**** Available data
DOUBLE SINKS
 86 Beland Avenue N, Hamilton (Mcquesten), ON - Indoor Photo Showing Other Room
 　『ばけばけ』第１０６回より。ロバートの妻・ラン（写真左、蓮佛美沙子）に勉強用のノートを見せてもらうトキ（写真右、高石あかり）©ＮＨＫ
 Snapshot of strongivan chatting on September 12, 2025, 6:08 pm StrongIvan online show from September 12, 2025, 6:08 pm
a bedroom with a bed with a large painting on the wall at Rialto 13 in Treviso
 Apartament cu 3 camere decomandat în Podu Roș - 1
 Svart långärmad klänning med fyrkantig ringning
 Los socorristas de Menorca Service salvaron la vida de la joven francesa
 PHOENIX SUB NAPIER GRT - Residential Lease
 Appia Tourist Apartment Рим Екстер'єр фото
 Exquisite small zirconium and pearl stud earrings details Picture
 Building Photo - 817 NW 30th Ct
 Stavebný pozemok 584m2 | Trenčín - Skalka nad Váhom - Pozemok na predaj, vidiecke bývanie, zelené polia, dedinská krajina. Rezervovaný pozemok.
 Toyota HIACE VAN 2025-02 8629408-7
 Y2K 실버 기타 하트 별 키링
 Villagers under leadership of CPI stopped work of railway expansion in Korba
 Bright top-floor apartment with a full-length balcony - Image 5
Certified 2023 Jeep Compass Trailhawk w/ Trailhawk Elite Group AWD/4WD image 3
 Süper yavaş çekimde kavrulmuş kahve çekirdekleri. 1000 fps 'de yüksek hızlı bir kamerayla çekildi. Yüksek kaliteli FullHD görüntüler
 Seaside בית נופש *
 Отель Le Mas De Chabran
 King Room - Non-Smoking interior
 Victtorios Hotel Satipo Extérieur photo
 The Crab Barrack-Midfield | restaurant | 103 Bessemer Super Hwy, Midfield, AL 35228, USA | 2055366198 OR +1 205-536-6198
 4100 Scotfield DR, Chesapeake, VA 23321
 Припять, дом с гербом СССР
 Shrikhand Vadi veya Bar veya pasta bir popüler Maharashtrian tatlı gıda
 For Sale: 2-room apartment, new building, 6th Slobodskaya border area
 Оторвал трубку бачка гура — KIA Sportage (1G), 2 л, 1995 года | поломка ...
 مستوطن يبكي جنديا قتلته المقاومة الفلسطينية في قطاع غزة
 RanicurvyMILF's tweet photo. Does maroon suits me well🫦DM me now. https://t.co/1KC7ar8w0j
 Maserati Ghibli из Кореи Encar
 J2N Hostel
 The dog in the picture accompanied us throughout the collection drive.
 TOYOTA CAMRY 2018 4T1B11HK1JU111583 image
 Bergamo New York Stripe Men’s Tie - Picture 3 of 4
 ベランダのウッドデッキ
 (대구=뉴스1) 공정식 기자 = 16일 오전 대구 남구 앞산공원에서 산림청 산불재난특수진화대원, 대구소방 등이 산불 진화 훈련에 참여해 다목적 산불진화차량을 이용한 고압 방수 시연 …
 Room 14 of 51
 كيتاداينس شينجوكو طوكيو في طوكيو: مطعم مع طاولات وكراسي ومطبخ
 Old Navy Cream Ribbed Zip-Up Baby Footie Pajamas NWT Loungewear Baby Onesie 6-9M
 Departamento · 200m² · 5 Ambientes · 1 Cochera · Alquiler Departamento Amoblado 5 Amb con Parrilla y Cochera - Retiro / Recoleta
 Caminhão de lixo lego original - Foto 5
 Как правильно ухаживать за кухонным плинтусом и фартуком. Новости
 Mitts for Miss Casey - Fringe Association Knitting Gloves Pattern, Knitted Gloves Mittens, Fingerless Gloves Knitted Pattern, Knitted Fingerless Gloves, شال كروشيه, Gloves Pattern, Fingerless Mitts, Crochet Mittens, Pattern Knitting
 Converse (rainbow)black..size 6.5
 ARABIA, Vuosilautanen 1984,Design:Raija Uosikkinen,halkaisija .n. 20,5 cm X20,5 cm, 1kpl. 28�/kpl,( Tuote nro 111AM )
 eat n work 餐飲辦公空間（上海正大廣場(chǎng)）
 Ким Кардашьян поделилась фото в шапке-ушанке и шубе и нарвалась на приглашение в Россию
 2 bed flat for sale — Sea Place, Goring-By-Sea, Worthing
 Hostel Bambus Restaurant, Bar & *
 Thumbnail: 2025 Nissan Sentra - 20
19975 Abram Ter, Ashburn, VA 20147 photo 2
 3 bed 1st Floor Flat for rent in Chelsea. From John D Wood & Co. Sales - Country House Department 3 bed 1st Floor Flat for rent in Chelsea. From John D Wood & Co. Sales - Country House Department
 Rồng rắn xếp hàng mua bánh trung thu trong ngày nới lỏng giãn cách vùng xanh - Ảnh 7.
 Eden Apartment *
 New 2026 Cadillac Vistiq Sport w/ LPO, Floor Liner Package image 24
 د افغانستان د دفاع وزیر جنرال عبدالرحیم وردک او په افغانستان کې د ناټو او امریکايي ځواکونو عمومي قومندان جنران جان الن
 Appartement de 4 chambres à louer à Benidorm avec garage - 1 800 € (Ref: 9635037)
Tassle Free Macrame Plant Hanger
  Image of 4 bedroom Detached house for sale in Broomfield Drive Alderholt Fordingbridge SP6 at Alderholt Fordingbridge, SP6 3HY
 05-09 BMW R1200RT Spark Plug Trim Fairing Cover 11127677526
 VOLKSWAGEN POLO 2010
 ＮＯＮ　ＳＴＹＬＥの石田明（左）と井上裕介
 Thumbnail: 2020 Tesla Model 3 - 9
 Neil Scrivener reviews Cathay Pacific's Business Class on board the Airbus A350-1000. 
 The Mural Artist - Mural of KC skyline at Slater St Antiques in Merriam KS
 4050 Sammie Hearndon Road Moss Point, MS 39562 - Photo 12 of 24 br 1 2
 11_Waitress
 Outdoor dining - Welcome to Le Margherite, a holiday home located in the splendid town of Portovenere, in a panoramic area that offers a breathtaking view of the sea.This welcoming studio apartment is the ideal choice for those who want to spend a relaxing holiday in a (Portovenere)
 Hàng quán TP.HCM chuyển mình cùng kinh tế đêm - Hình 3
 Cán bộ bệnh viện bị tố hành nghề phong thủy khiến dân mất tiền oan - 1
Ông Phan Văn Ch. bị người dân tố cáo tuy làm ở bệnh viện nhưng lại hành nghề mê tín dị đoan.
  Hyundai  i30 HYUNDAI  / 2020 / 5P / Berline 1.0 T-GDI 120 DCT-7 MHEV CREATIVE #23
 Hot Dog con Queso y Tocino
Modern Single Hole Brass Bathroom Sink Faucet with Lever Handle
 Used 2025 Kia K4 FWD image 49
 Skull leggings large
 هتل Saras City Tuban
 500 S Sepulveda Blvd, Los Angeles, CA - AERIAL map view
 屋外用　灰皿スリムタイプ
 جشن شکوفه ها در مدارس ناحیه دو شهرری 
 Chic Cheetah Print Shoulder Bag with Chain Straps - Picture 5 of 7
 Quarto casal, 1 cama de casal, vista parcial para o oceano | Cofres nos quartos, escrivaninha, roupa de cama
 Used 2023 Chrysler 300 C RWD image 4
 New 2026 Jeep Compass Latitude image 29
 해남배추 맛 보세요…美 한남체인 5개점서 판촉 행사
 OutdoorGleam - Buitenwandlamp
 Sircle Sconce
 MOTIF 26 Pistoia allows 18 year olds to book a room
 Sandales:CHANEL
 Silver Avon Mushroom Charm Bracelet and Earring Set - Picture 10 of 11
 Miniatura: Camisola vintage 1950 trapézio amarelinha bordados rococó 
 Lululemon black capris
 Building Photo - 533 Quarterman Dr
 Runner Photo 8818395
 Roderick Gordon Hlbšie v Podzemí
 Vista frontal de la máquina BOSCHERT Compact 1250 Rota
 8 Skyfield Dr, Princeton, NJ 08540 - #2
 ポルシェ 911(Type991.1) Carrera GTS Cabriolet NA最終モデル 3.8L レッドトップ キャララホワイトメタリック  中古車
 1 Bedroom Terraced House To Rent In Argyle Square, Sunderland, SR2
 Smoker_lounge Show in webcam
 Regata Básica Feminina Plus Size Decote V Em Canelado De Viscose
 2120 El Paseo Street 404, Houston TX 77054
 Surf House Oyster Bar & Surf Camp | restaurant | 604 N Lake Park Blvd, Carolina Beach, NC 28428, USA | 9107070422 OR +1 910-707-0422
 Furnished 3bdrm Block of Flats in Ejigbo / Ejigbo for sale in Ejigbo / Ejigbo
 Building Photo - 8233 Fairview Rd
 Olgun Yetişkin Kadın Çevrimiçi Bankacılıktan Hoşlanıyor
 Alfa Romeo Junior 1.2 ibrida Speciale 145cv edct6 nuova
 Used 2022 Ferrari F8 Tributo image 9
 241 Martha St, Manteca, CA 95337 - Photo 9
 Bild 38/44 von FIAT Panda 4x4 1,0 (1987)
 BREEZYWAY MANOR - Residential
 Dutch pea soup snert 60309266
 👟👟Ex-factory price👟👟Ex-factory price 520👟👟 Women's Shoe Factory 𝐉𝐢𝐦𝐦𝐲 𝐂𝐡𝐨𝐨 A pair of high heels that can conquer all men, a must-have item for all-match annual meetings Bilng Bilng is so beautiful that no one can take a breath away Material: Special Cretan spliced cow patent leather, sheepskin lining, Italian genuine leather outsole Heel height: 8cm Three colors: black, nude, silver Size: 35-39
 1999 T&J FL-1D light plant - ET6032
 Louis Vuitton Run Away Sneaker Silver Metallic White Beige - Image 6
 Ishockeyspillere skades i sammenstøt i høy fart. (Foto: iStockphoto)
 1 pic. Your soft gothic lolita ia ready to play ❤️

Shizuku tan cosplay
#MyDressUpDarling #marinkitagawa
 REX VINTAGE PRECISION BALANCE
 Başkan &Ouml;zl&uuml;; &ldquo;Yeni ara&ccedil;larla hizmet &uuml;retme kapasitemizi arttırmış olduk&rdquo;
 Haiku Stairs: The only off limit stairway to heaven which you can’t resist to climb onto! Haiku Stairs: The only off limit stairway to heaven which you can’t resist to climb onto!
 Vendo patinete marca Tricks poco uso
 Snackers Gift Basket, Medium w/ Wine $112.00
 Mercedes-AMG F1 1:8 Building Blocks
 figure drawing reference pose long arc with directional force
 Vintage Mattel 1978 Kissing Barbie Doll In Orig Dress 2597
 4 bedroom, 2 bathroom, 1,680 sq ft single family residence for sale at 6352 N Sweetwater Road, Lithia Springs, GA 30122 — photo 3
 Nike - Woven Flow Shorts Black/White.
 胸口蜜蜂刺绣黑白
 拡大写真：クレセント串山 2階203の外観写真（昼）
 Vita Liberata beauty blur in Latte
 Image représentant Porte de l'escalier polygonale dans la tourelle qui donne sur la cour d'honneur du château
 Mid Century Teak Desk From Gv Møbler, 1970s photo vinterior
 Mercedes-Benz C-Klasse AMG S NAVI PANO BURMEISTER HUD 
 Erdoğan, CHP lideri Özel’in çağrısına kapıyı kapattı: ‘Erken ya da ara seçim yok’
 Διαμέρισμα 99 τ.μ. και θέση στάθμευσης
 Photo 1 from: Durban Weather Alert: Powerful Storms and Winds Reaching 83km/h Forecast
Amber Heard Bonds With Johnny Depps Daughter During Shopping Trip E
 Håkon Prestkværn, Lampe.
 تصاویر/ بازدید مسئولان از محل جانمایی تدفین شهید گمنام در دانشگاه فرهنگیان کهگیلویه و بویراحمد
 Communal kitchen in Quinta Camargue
********
Where a line of the data above includes "Residential", copy that line.

 PHOENIX SUB NAPIER GRT - Residential Lease
 BREEZYWAY MANOR - Residential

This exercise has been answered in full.